One of the previously mentioned healthcare clients’ campaigns was designed to enhance HCP understanding of the compelling attributes of the marketed brand. This campaign entailed having HCPs with recent brand adoption share their experience with comparable HCPs who could benefit from similar treatment decisions. This tactic required recruiting advocates to share their experiences with similarly profiled beneficiaries through targeted non-personal promotion tactics. In preparation for campaign optimization, we used our knowledge of the various behavioral change drivers and indicators to initiate triggered communication such as emails and direct mail. This tactical segmentation and differential targeting allowed for individualized engagement based on different stages of the customer journey. The fact that we can put a face to every target HCP within these important stages of the customer journey allows us to map the communication plan (as well as behavioral change targets) to specific customers.

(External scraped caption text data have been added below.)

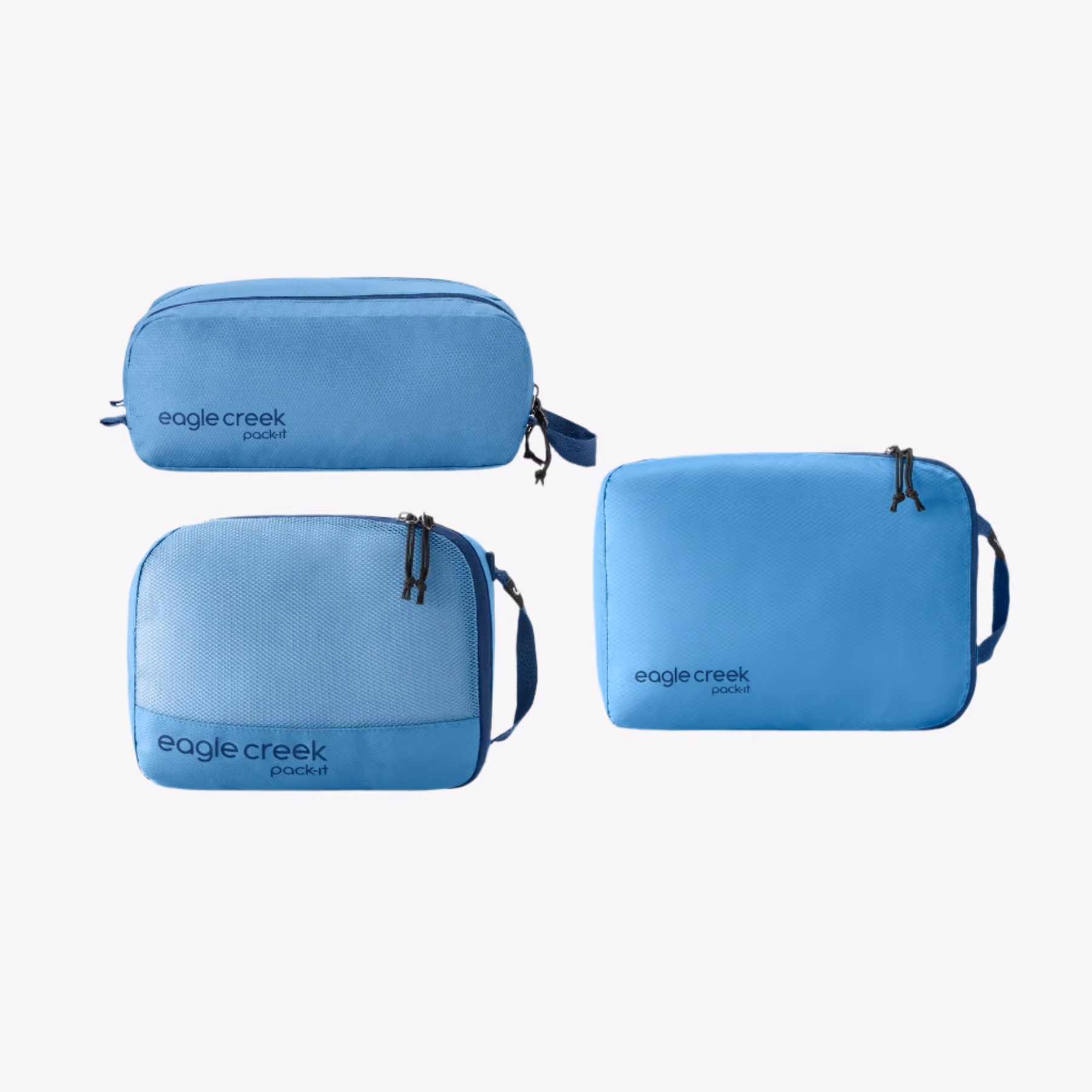 Custom Black - Eagle Creek Pack-It® Overnight Packing Cube Set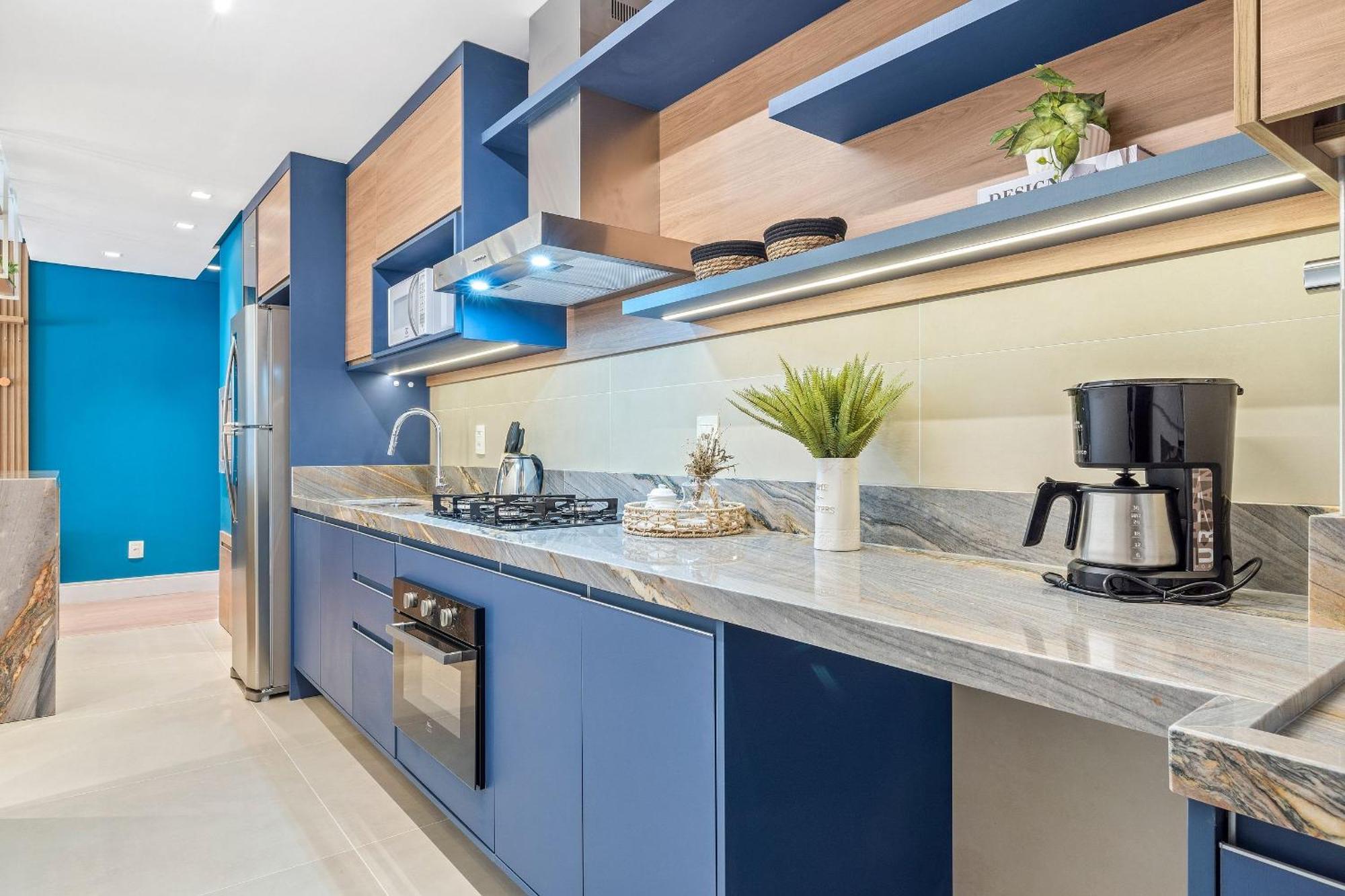 Apartamento Bellagio 2 Suites E Piscina By Achei 卡内拉 外观 照片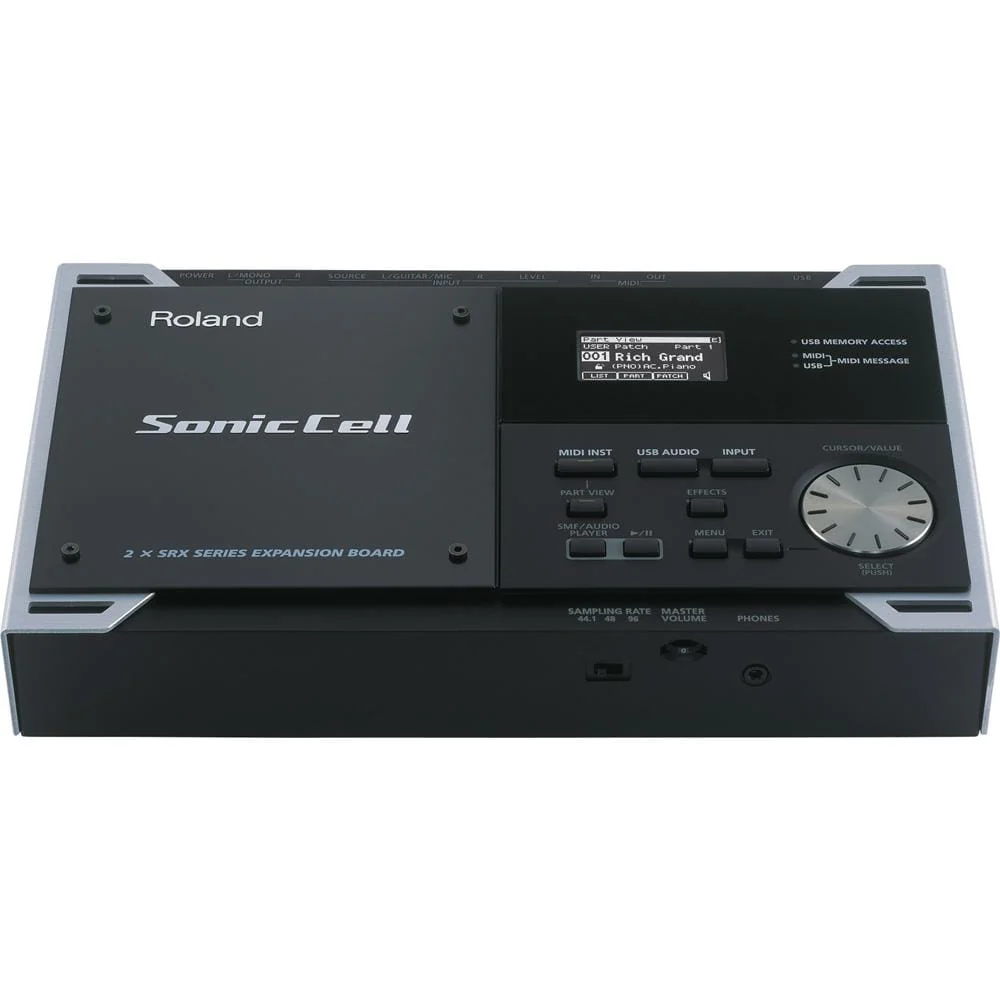 Roland SonicCell Expandable Synthesizer Module with Audio Interface - Image 4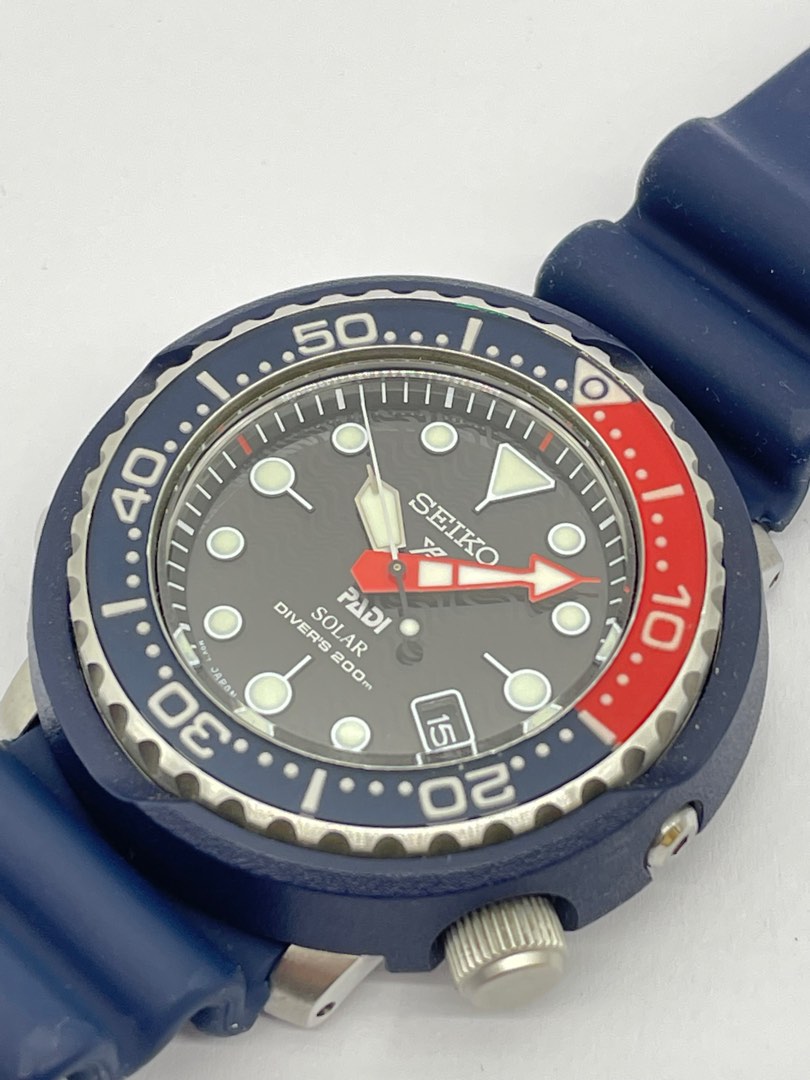 Seiko Prospex SNE499P1 Solar Padi Divers 46mm Special Edition Watch ...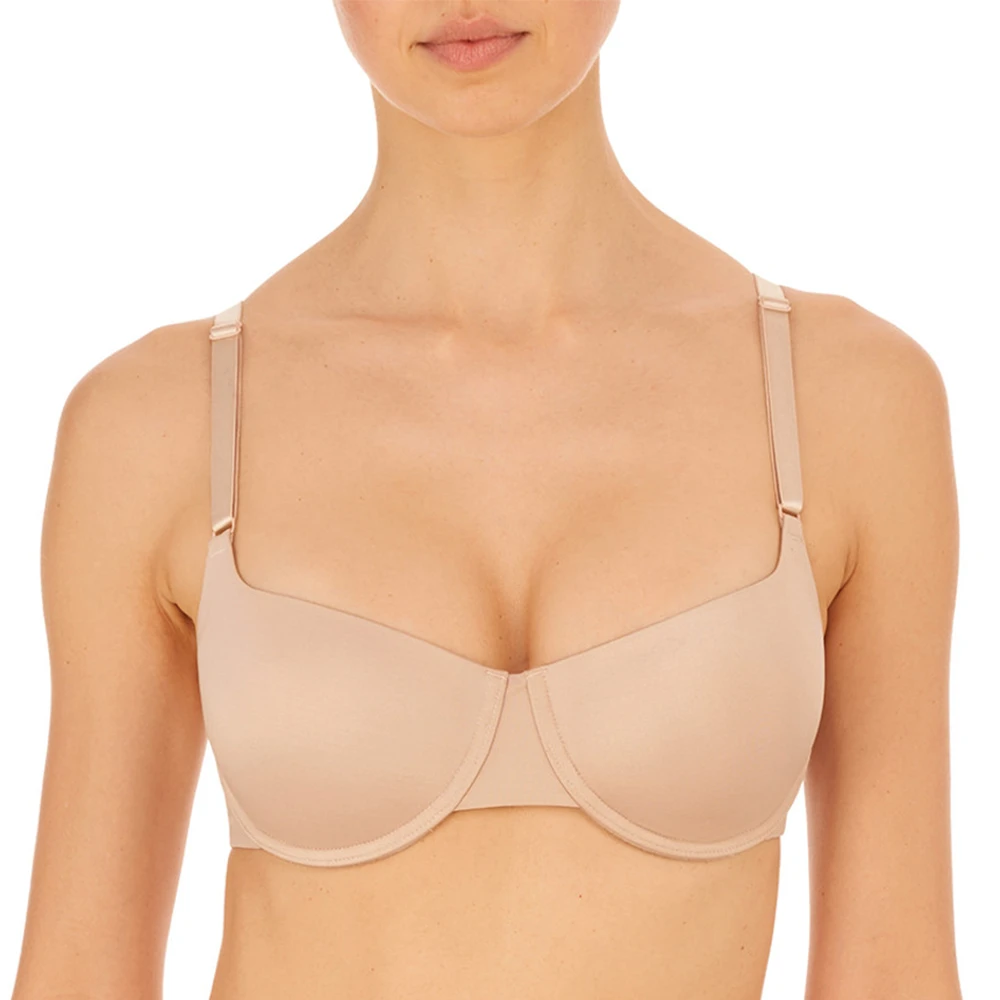 Liquid Convertible Balconette Push-Up Mocha 3 Liquid Convertible Balconette Push-Up Mocha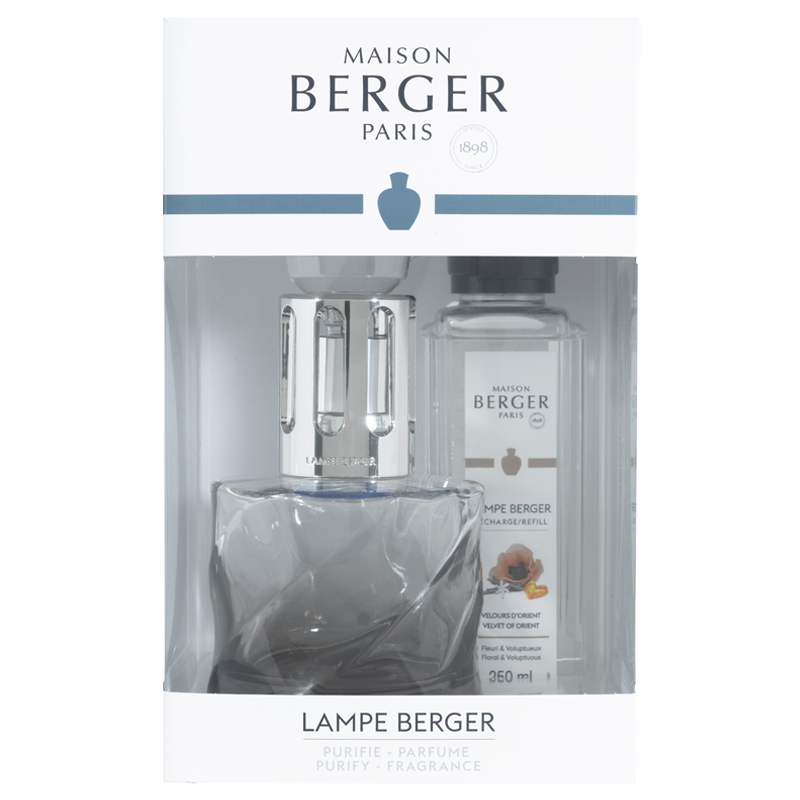 Maison Berger Gift set Spirale Noir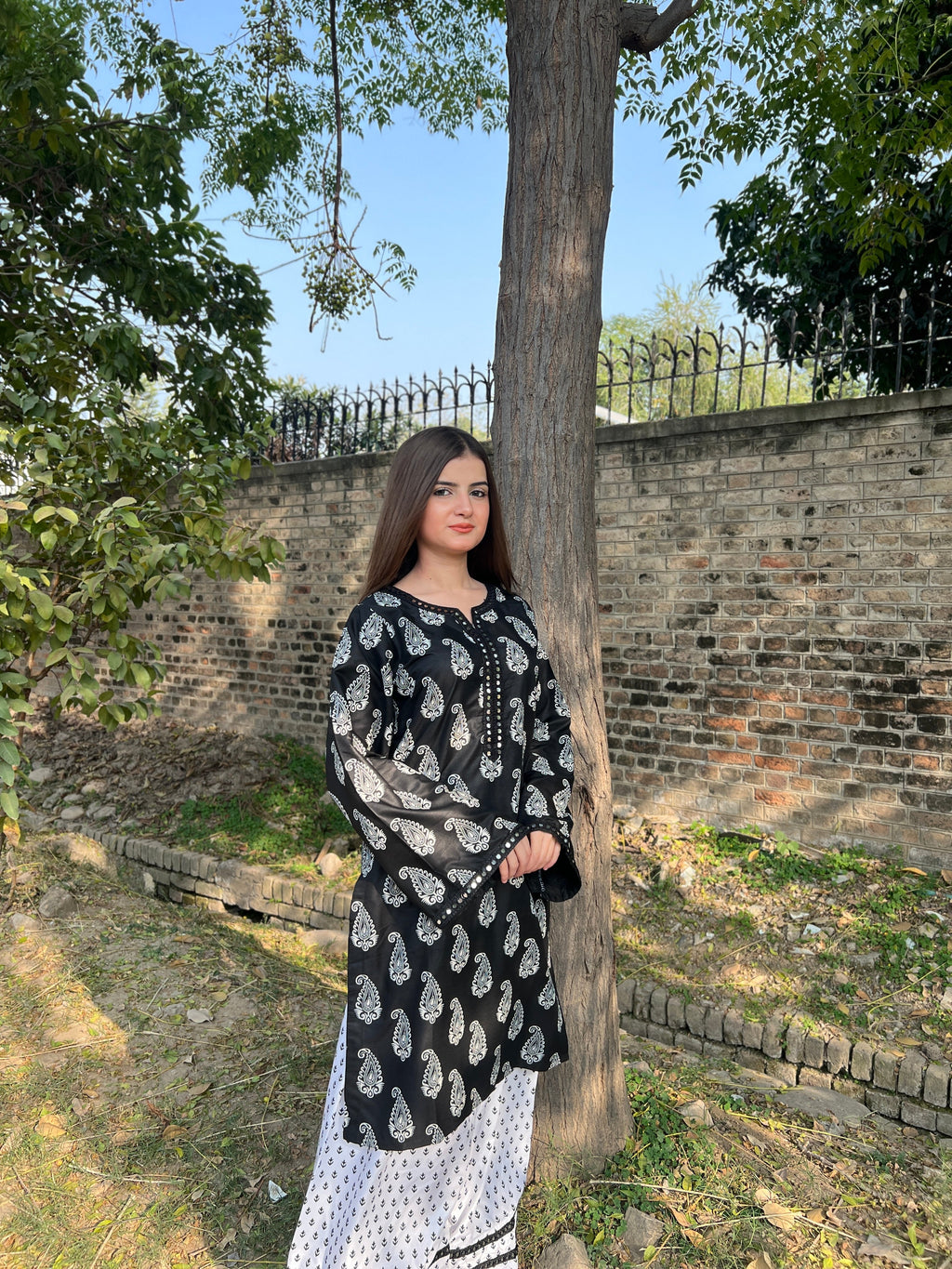 MEHRU Farshi 2 pc set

A journey infused with data makes evaluating and optimizing for marketing effectiveness easier. Goals and targets should be set with regard to behavioral outcome objectives for each customer segment, which makes tracking, assessment and adjustment more feasible. When customers move from one phase of the journey to the next, the speed and momentum can be quantified and the effect of channels and messages can be realized. A/B testing experiments are also possible and beneficial to identify and amplify drivers (e.g. tactics, content, execution) that have proven more effective in engaging and moving customers from one phase to the next.

In conclusion, data (and the attendant analysis) can enhance our understanding of audiences along the customer journey, thereby enhancing more relevant communication, engagement, and desired responses from our customers. Clients can also use the data and insights amassed from the journey-based analysis to better actualize personalized marketing. Marketers who put the customer mapping capability to better use will reap results in terms of customer velocity along the journey, deeper customer experience with the brand, and higher value per customer.